I teach and wish my students cared enough to be overzealous! Most are slackers who do the bare minimum and try to get out of even doing that.

However, I have had a couple of students like you describe. I would open my email and see 10 or more messages. I would simply write back to meet me the next day and we will discuss all of this in person. When we met, they had figured out 90% of what they were asking and I suggested instead of sending an email every time they had a question, write them down and we should meet twice a week before the assignments were due.

This helped a lot. I was able to give them some real encouragement and compliments, and they felt more confident and wanted to figure stuff out on their own. Over the term, the meetings got fewer and so did the questions.

Some people simply want to make sure every step is perfect before they go on to the next step - they have a fear of taking a leap into the unknown. Once you get them to try the old “trial and error” approach, they are more comfortable with screwing up and going back a step or two. I know that sound obvious to most people, but perfectionists tend to move more slowly and get frustrated when everything doesn’t go perfectly on the first try.

I’m a pretty big perfectionist, and I have done the crazy email chain before, though nowhere NEAR this degree (usually it’s more like, the day the assignment is due and I STILL can’t squash this damn bug I’ve had for three days and am freaking out). I’m seriously a perfectionist to a level where it can be legitimately crippling (like not getting personal projects done because I’m afraid of making a poor design choice). So I certainly understand his concern.
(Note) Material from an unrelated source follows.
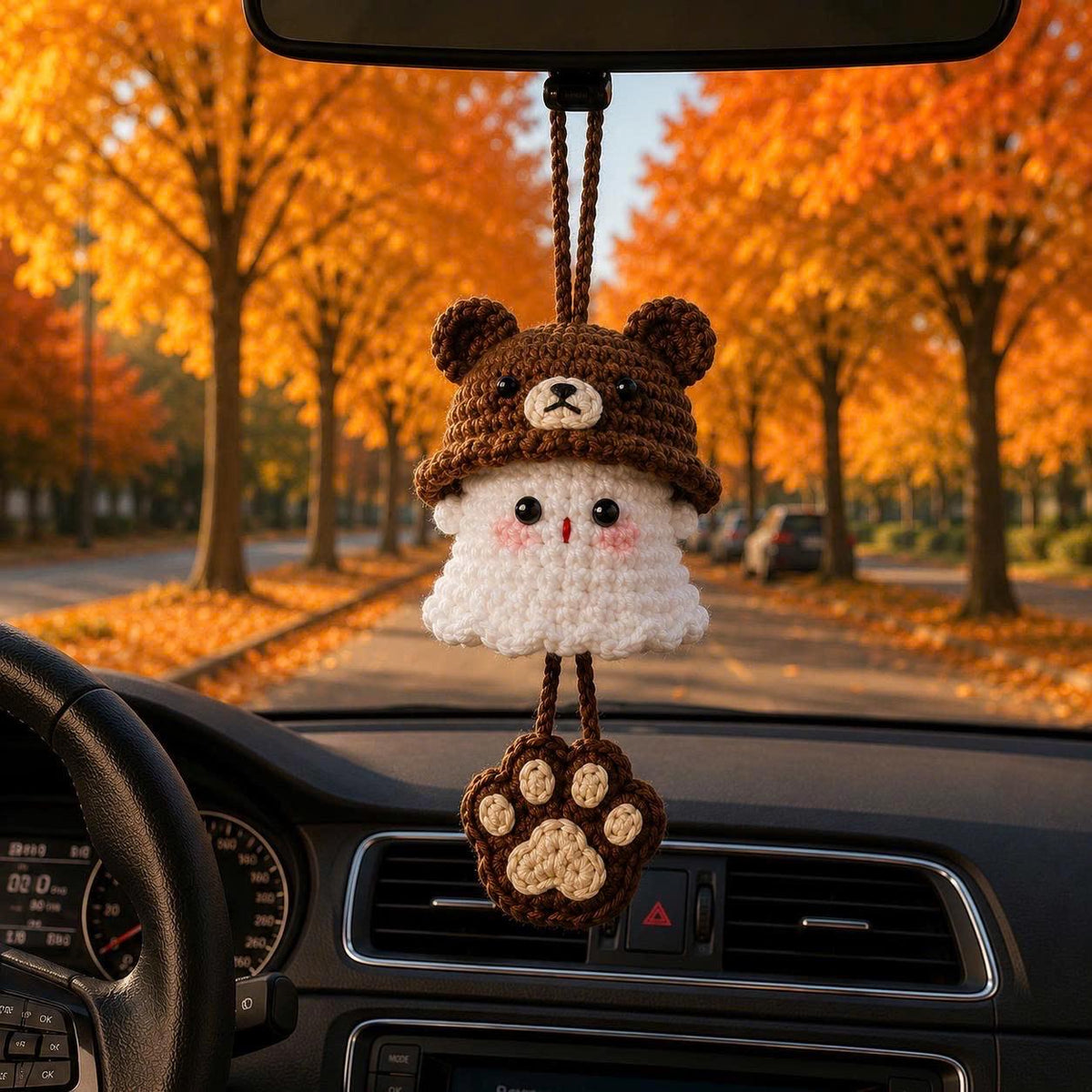 Halloween 2026 Crochet Ghost Car Charm, Handmade Mirror Accessory, Cute Spooky Car Ornament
Anyway, ignoring him seemed to work, I still get more emails from him than other students (which is fine), but it’s gone down to one short exchange a day at most, and most of the questions are more conceptual in nature, which means that he’s at least comfortable with debugging for now, though it also means he gets less overall help because I can’t just flat out tell him what’s wrong anymore (which may or may not frustrate him, hard to tell).
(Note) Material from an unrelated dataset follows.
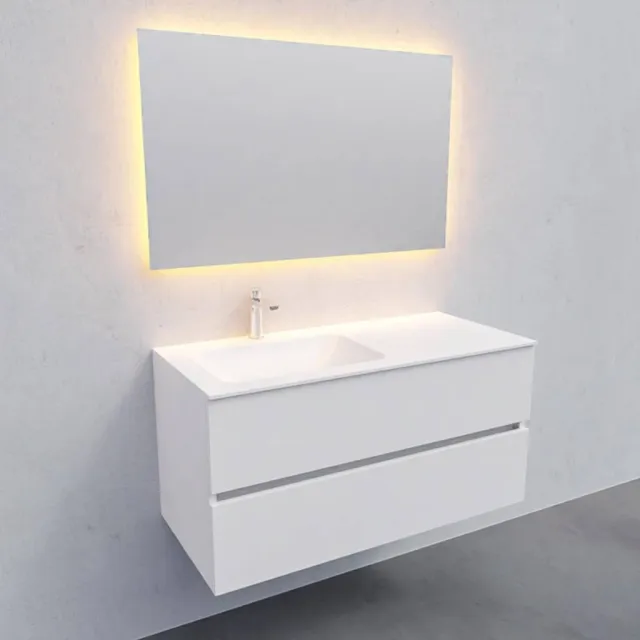 Badkamermeubel Solid Surface AQS Oslo 100x46 cm Links Mat Wit Boss & Wessing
Whenever he sends too many questions I just tell him that it’d be easier to discuss during office hours, because we can discuss his code in real time (and that’s the truth), so at least I can get company during OHs.

Yep. Wait an hour, and they’ll figure out that the little plus sign before a folder means they can expand it. All by themselves! And when they do that, it sticks with them forever.

Sounds like a great answer.

I teach third graders writing, and I have to explain at the beginning of the year that I won’t (or almost never will) tell them how to spell a word in the middle of our writing time. If I were willing to do that, then my room would be full of little hands raised in the air and pencils set on desks, and I’d spend all my time circulating telling students how to spell words rather than meeting with individuals for 10 minute at a time to confer on story structure, use of dialog, how to brainstorm story ideas, etc. It takes some training for some kids to get them out of the habit of relying on an adult for perfection, but I think encouraging their independence is really important. (And when I get a chance to meet with them, if spelling is their big issue, I’m all about helping them then.)